I take them out and underneath spy chocolates, given to me as a parting gift by the tenth floor nurses that last morning. Just yesterday, I realise, surprised.
It seems longer ago than that; already part of my past.
My levels are 6.1. Not low at all. I don’t need a chocolate. But who needs an excuse? I open the lid.
‘Interesting choice for breakfast,’ Amy says, then
sits up and yawns. ‘Are you an early bird?’
I look at her blankly.
‘Do you always wake up early?’
I consider. ‘I think so,’ I say, finally. ‘Though that could be because at the hospital you have no choice.’
‘Oh, I remember that. Horrible morning buzzer. Breakfast by six.’ She shudders.
‘Want one?’ I hold out the box.
‘Oooh, tempting. Maybe later, when I’m more awake. What is that?’ She points at the folder in my
‘Can I see?’
I hesitate. I rarely show them to anyone, though Dr Lysander insisted on checking through them now and then.

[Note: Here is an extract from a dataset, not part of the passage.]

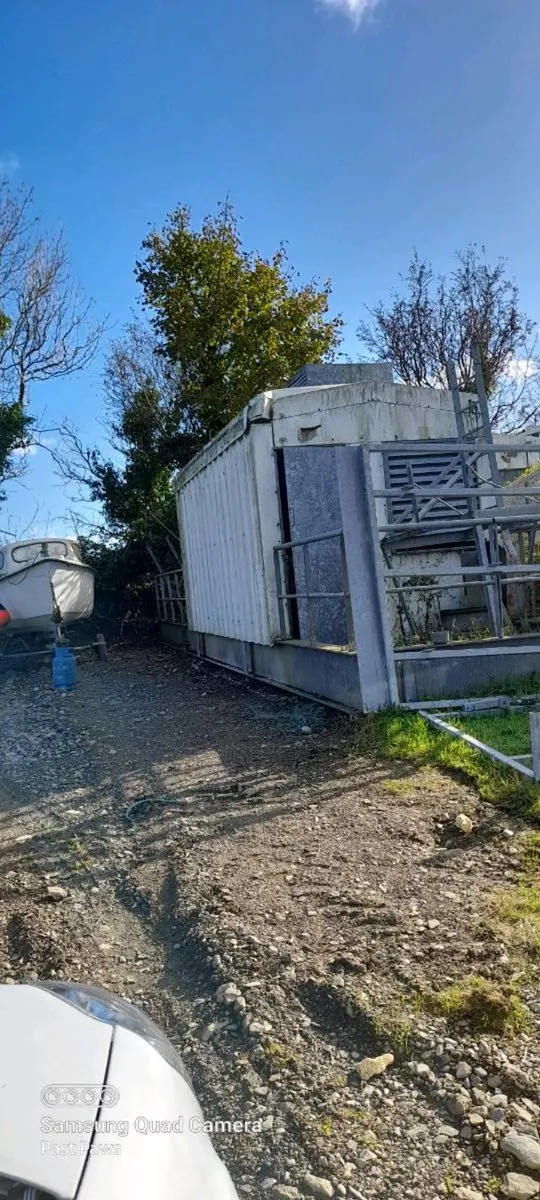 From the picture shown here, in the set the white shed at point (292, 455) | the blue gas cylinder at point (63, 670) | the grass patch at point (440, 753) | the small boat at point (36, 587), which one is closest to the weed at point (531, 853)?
the grass patch at point (440, 753)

‘You don’t have to show me if you don’t want to.’
I sit next to her and open the folder, pull out the sheets of paper. Amy exclaims at the one on top. A selfportrait. Me, but different: half as I am in the mirror,
the other half skin missing, eyeball hanging from an empty socket.
‘May I?’ she holds out a hand, and I pass the drawing to her.
But that wasn’t on top before. I start flipping through the sheets.
‘You’re so good, this is amazing.’
Not enough of them, not as thick a sheaf as it should be. Where are they?
‘Some of my drawings are missing.’
‘Are you sure?’
I nod. And look through them more slowly.
Those of me, my room, imagined people and
places, are present and accounted for. Many others are not.
‘I’m sure. Almost half of them are gone.’
‘What were they?’
‘All sorts of things. Nurses. My floor of the
hospital, maps of different areas, rooms. Dr Lysander.
‘Did you say, Dr Lysander?’ Amy’s eyes open wide.
I nod, still looking through the sheets, convinced if I look hard enough, they will all be there.
‘The Dr Lysander? Do you actually know her?’
I stop looking. They’re not here. Gone. Bzzzz. A warning from my wrist: 4.3 and falling.
Amy slips an arm across my shoulders. I’m shaking, but not from cold. Who would do this: take the only things I have that are mine.
‘You can make more drawings. Can’t you?’ 3.9 and falling.
‘Kyla! Look at me.’
Amy gives me a shake. ‘Look,’ she repeats.
I tear my eyes from my self-portrait, from the dead eye in the socket. To Amy. Worry and fear for me in her eyes, whoever I am.
‘Kyla, you can draw me. Do it, now.’
She pulls the sketch pad from the back, puts a pencil in my hand.